Эта полемика заметна и в романе «Трое». Молодой пролетарский писатель понимал, что христианское отношение Достоевского к ницшеанцу Раскольникову таит в себе опасность примирения и с общественным строем, порождающим «наполеонов» разного масштаба. Поэтому Горький сознательно поставил Илью Лунева в раскольниковскую ситуацию, чтобы показать недопустимость, противоестественность малейшего намека на примирение с воинствующим индивидуализмом, с царящим в мире социальным злом. Если в романтической легенде о Аарре писатель сделал судьей отщепенца народа племя, то судьей Лунева он сделал самого Лунева.
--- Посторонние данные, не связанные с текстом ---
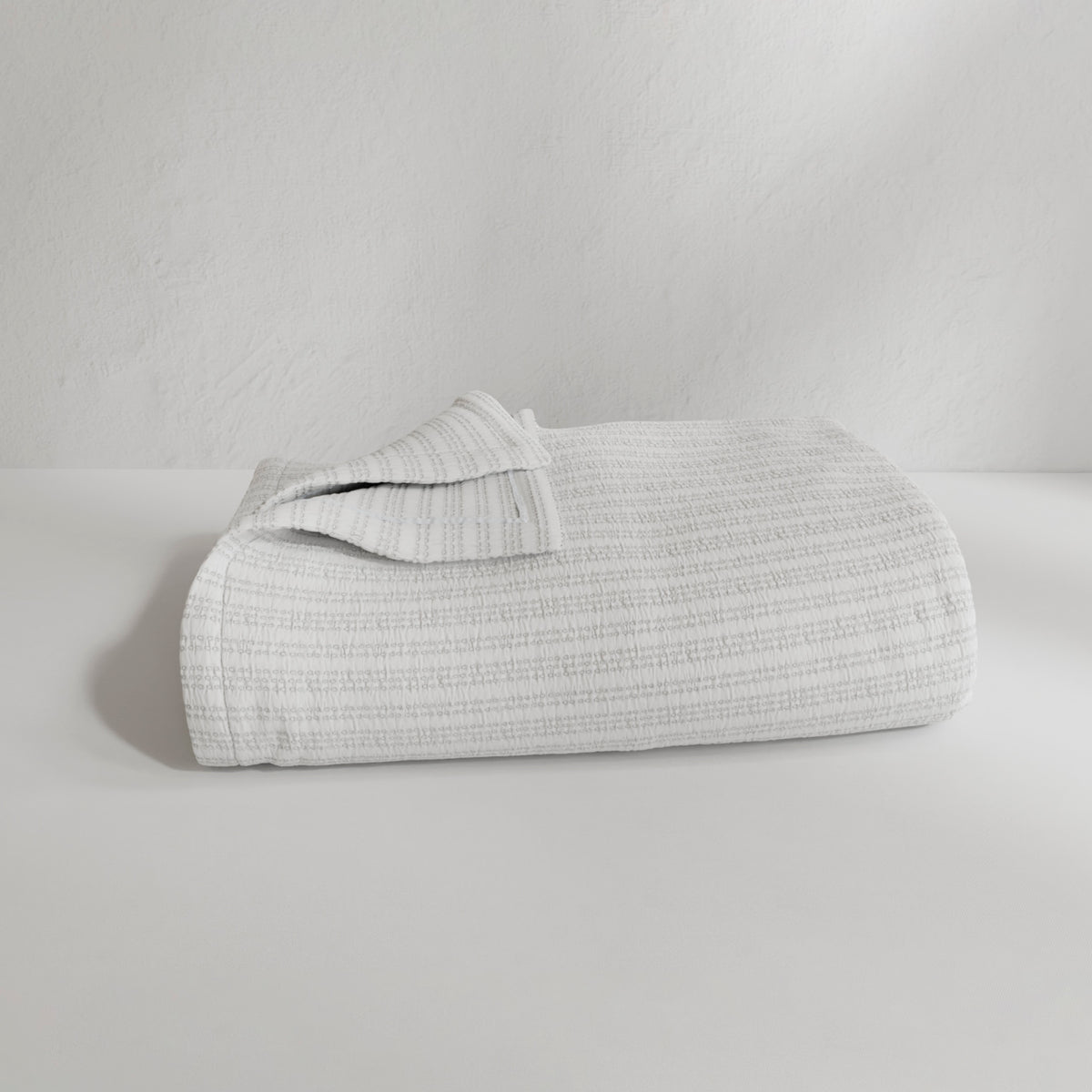 Image of a neatly folded Bright White Everyday Cotton Coverlet with the back left corner folded up on a white background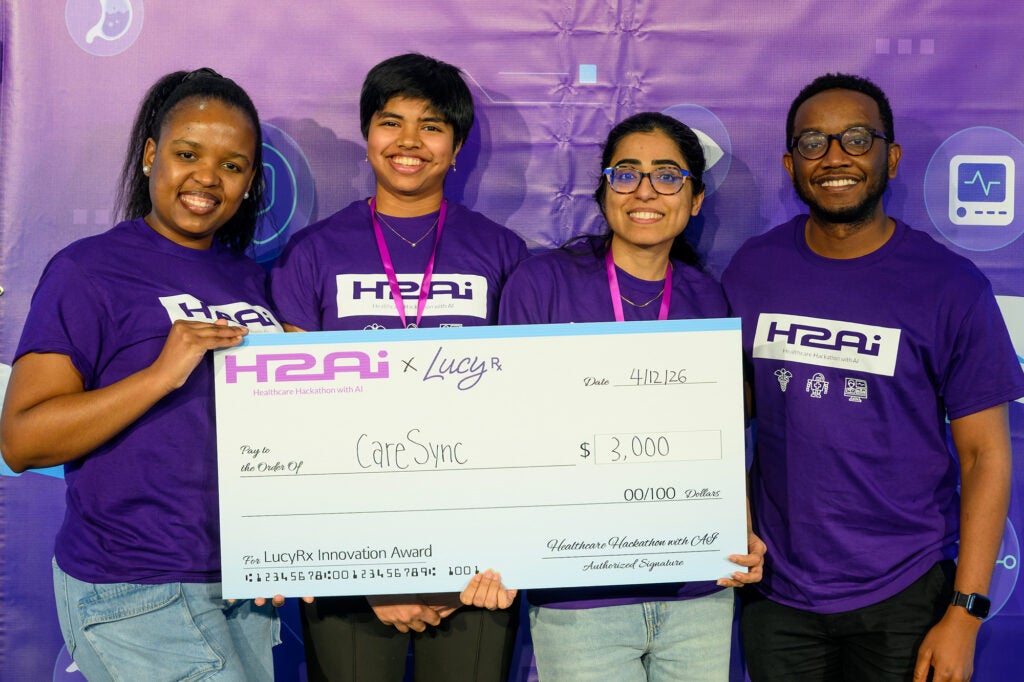 Four individuals stand together with three holding a large award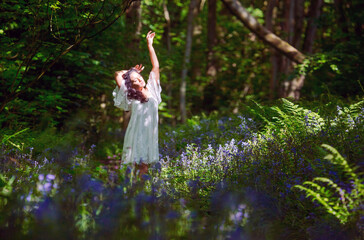 Indian Girl in a white dress walking through a Blue Bell Wood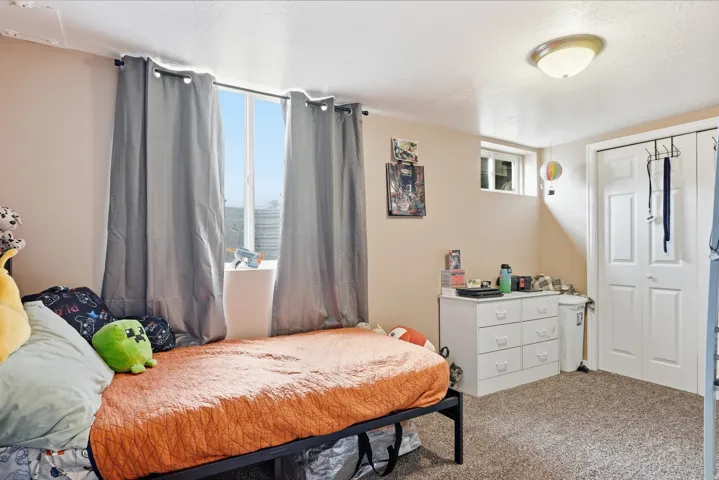Carpeted flooring, egress window, white bi-fold closet doors, and flush-mount ceiling light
При всех его ницшеанских тенденциях, этот крестьянский сын еще не утратил здорового народного начала, и оно не позволяет ему примириться с обществом и с самим собой. Угрызений совести по поводу своего образа жизни как будто нет. Но есть страшные, все нарастающие тоска и отвращение. Противно жить в обществе, где имеет вес и значение Петруха Филимонов. Противно видеть фальшивые семейные отношения обывателей. Противно ощущать самого себя копошащимся в этом болоте, измаранным грязью и кровью. Ведь мечтал о жизни чистой и красивой... Устроив пред-варительно шумный, скандальный разоблачительный дивертисмент, несколько омрачивший настроение небольшой группы мещан, Илья Лунев кончает с собой.
В описании жизни и гибели Лунева нет прямолинейной, обнаженно-публицистической полемики с Достоевским. Но Горький возлагает на человеческую личность большую степень ответственности за ее социальное поведение и проявляет гораздо большую непримиримость к эксплуататорскому строю.